McConnell says he will likely vote for gun safety bill
Senate Minority Leader Mitch McConnell (R-Ky.) on Tuesday announced he supports a bipartisan framework on gun safety and will likely vote for legislation that reflects it.
“For myself, I’m comfortable with the framework and if the legislation ends up reflecting what the framework indicates, I’ll be supportive,” McConnell told reporters after the weekly Senate GOP conference lunch.
McConnell is the 11th Republican to signal support for the bipartisan framework, meaning that legislation based on its principles will likely have enough votes to overcome a filibuster.
Every Democrat is expected to vote for the legislation.
The bipartisan framework negotiated by Sen. John Cornyn (R-Texas) and Sen. Chris Murphy (D-Conn.) would provide funding to states to implement laws to keep guns out of the hands of people deemed dangerous to themselves and others.
The proposal would also provide billions of dollars for community mental health centers, as well as money to improve school security.
One of its more controversial provisions would be to close the so-called “boyfriend loophole” to deny firearms to current and former dating partners that are subject to domestic violence restraining orders.

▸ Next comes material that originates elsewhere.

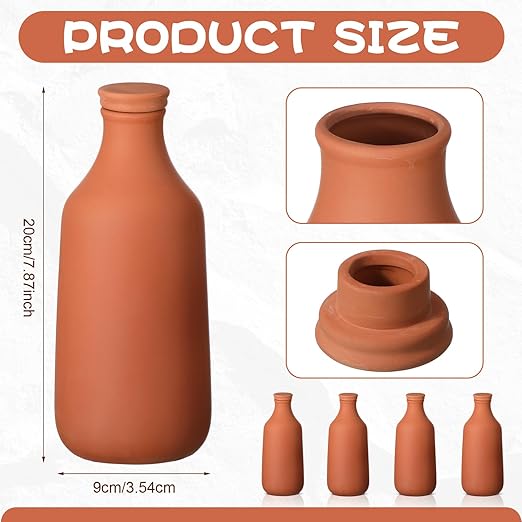 DoubleFill 6 Pcs 24oz Ollas Terracotta Watering Pots Self Watering Planter Insert Terracotta Globes Clay for Outdoor Indoor Garden Plants, Easy to Refill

The framework would also clarify the definition of a firearms dealer to require people who sell a high volume of guns to conduct background checks and crack down on the the illegal trafficking of guns by straw purchasers.
The framework calls for giving the national criminal background check system access to the juvenile crime records of gun buyers between the ages of 18 and 21 but it does not raise the age for buying AR-15-style rifles, as many Democrats want.
“If this framework becomes the actual legislation, it’s a step forward,” McConnell said Tuesday.
McConnell said passing a bill to respond to mass shootings in Buffalo, N.Y., and Uvalde, Texas, would further demonstrate to the American people “that we can come together, which we have done from time to time on things like infrastructure and postal reform, to make progress for the country.”
The GOP leader told reporters that Cornyn presented at the Tuesday Republican lunch a poll of gun owners showing “support for the provisions of the framework is off the charts” and “overwhelming.”
McConnell said the bipartisan group of negotiators “has done the best they can to get total support” and called the proposal to strengthen background check requirements for gun buyers between the age of 18 to 21 “a step in the right direction.”